I'd like to ask for clarification of the following example in my textbook.
Example:
Suppose events are occurring at random with average rate $\lambda$ per unit of time. What is the probability density function of the random variable $X$, the waiting time to the second event?
We first find $F(x)$.
$F(x) = Pr[X$ $\leq$ $x] = Pr[$waiting time less than $x$ units of time for the 2nd event$]$
$=$ $1-Pr[$waiting more than $x$ units of time for the 2nd event$]$
$=$ $1-Pr[$less than 2 events take place in $x$ units of time$]$
$=$ $1-Pr[$0 events in $x$ units$] - Pr[$1 event in $x$ units$]$
$=$ $1-e^{-\lambda x}-\lambda x e^{-\lambda x}$,
using the Poisson distribution. We now differentiate $F(x)$ to find the density function $f(x)$.
$f(x) =\dfrac {dF(x)}{dx} = \lambda e^{-\lambda x} - \lambda e^{-\lambda x} + \lambda ^2 x e ^{-\lambda x } = \lambda ^2 x e ^{-\lambda x }$
Thus the density function of the random variable $X$, the waiting time to the second event, is given by
$f(x) = \lambda ^2 x e ^{-\lambda x } \qquad x\geq 0$
$\:\qquad = 0 \qquad \qquad \quad otherwise$
This is an extension of the exponential distribution which is the density function of the waiting time to the first event.
(End of example)
How did they transition from the first part to the second part here "using the Poisson distribution"? It looks like the exponential dist. to me.

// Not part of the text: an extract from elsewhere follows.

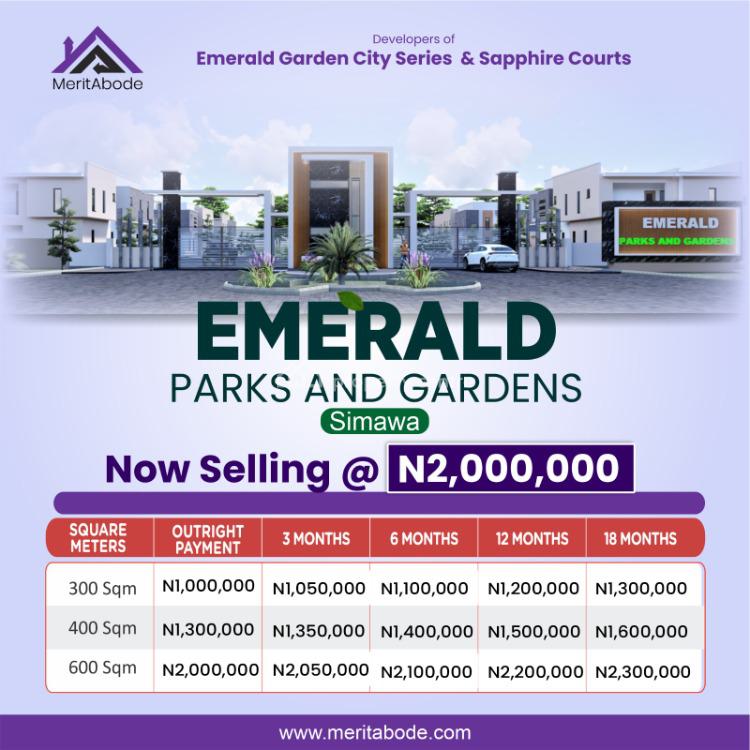 Land, Estate 15 Rccg Camp, Simawa, Ogun, Mixed-use Land for Sale
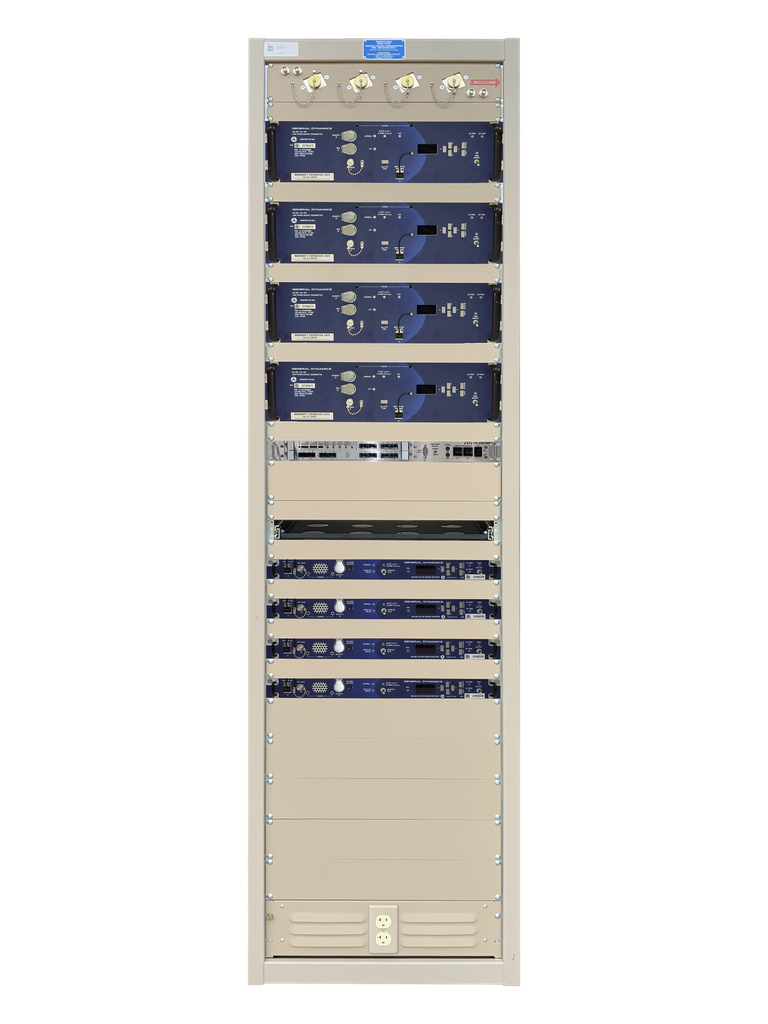 RCAG 2376 Rack Configuration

Edit: To clarify, I wish to know how: $Pr[$0 events in $x$ units$]$ becomes $-e^{-\lambda x}$ and $Pr[$1 event in $x$ units$]$ becomes $-\lambda x e^{-\lambda x}$.
$1-Pr[$0 events in $x$ units$] - Pr[$1 event in $x$ units$]$
$=$ $1-e^{-\lambda x}-\lambda x e^{-\lambda x}$,
If you can explain this process, I'd appreciate your help.
Thanks in advance.